Micropooling

To help the Compass algorithm scale to larger datasets we use micropooling/microclustering to aggregate samples into clusters which are analyzed with the Compass algorithm which can dramatically lower computational burdens. The micropooling algorithm is a reimplementation of micropooling using VISION.

In short, the algorithm works by first coarsely clustering samples using the Louvain/Leiden algorithm on the k-nearest neighbors (kNN) graph of the gene expression data and then iteratively applying k-means clustering until the clusters are the correct average size. Each cluster is then treated as a sample where the gene expression is the average of the gene expression for samples in the cluster and the Compass algorithm can be applied to a smaller number of samples. If you specify a latent space, the K-nearest neighbor graph will instead be computed using that latent space. You may also specify the kNN graph directly (see in command line arguments).

Using Micropooling

To enable micropooling using Compass, set the parameter --microcluster-size and the input data will first be clustered into pools before applying the Compass algorithm. The micropool assignments will be written to the --microcluster-file in the output directory (by default micropools.tsv) as a tab-delimited table. The reactions.tsv file that is output will now be a table of reaction penalties per micropool, analogous to the usual Compass output file but applied to the micropooled data.

To analyze the micropooled results we would instead characterize the micropools. * Numeric cell metadata (e.g., library size) can be averaged across cells in the micropool. * Discrete cell metadata (e.g., belonging to KO or WT) can be decided by majority decision, or if at least 90% (or some other threshold) of the cells in the micropool belong to one of the discrete phenotypes.

Depending on the research question, it could make sense to micropool discrete phenotypes separately. This will result in micrpools made of only WT or KO cells, for example, but may conceal some of the overlapping cellular programs between the two.

Example of Micropooling

As in the tutorial, to use microclustering first open a command line in a directory with the gene expression data of interest, say “expression.tsv”. You can then run Compass on the data with the following command using micropooling:

compass --data expression.tsv --num-processes 10 --microcluster-size 10 --species homo_sapiens

Once the command has finished running, there should be 3 output files in the same directory the command was run: reactions.tsv, micropools.tsv, and micropooled_data.tsv. Reactions.tsv contains the penalties per reaction for each micropool, micropools.tsv contains the micropool assignments for each of the original samples, and micropooled_data.tsv contains the average gene expression for each micropool.

Analysis of Microopools

As the samples are now aggregated into pools, analysis of differential reaction scores requires one extra step of analyzing what cell types make up each pool. The micropools.tsv file in the output directory will contain a table of samples and their respective clusters. For an example of this, we provide another python notebook.

Micropooling Settings

Micropooling also works with precomputed k-nearest neighbors and/or a latent space to cluster samples on. The code is designed for specifying k-nearest neighbors using the results from scikit-learn’s nearest neighbors algorithm, which are an array of indices and an array of distances, possibly wrapped in a Pandas dataframe so that rows can be indexed by sample name.

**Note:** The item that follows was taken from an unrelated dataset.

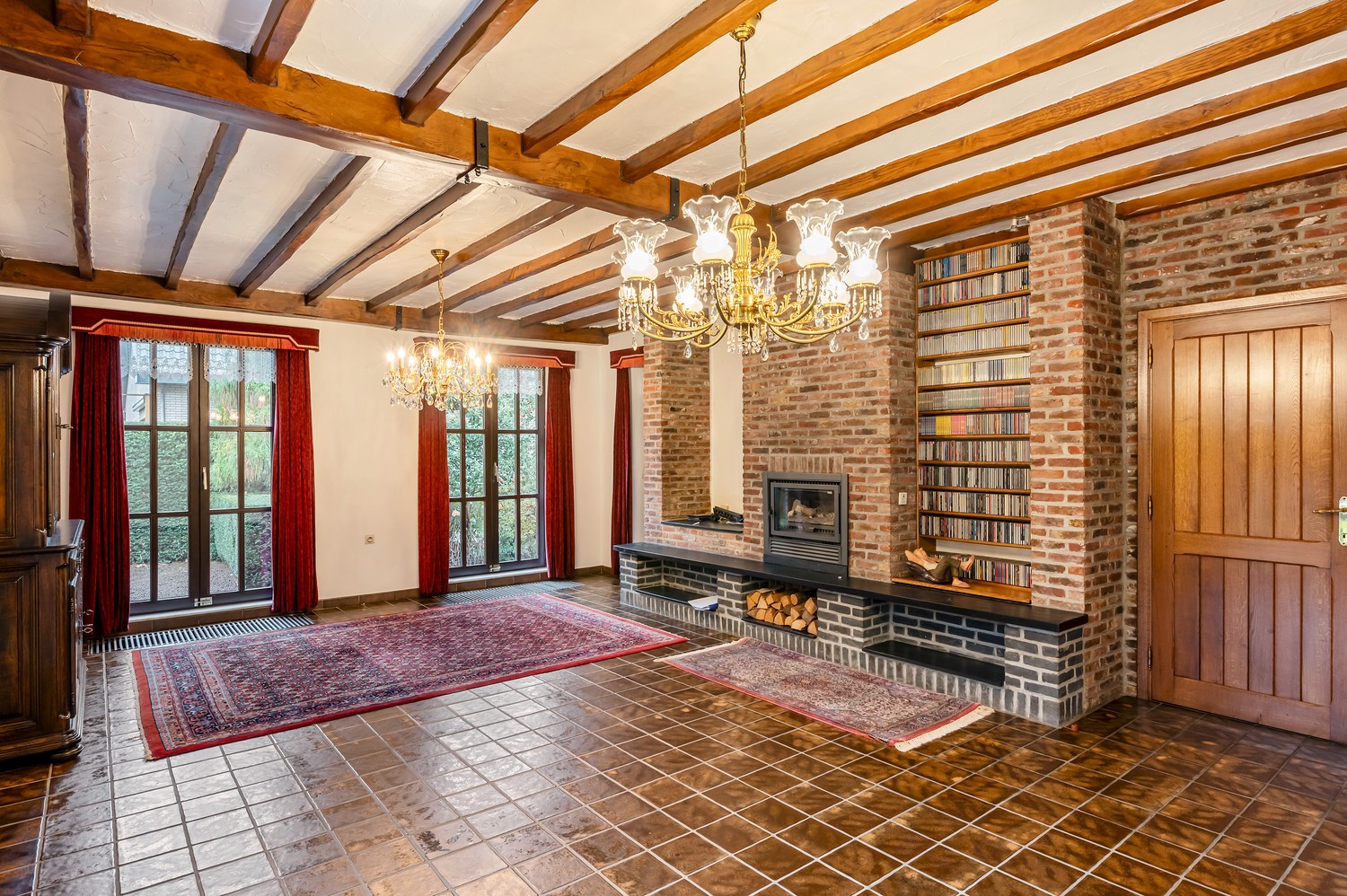 Maison à vendre à Nijlen avec 3 chambres - photo 5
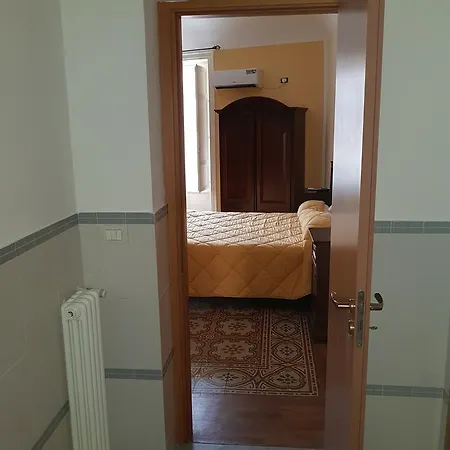 Bed & Breakfast Porta Guccia 3*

For the k-nearest neighbors step, if there are specified k-nearest neighbors indices but not distances, the distances will be computed using the latent space (or raw gene expression if no latent space is specified). If a latent space is specified, both k-nearest neighbors and the k-means clustering steps will use it. Note that specifying a k-nearest neighbors computed on a latent space without inputing that latent space may cause unusual clustering results because k-means will be run using gene expression data unless it has access to the latent space.

If there is information sharing as well as micropooling, the input knn will only be used with the micropooling because the knn does not apply to the micropools.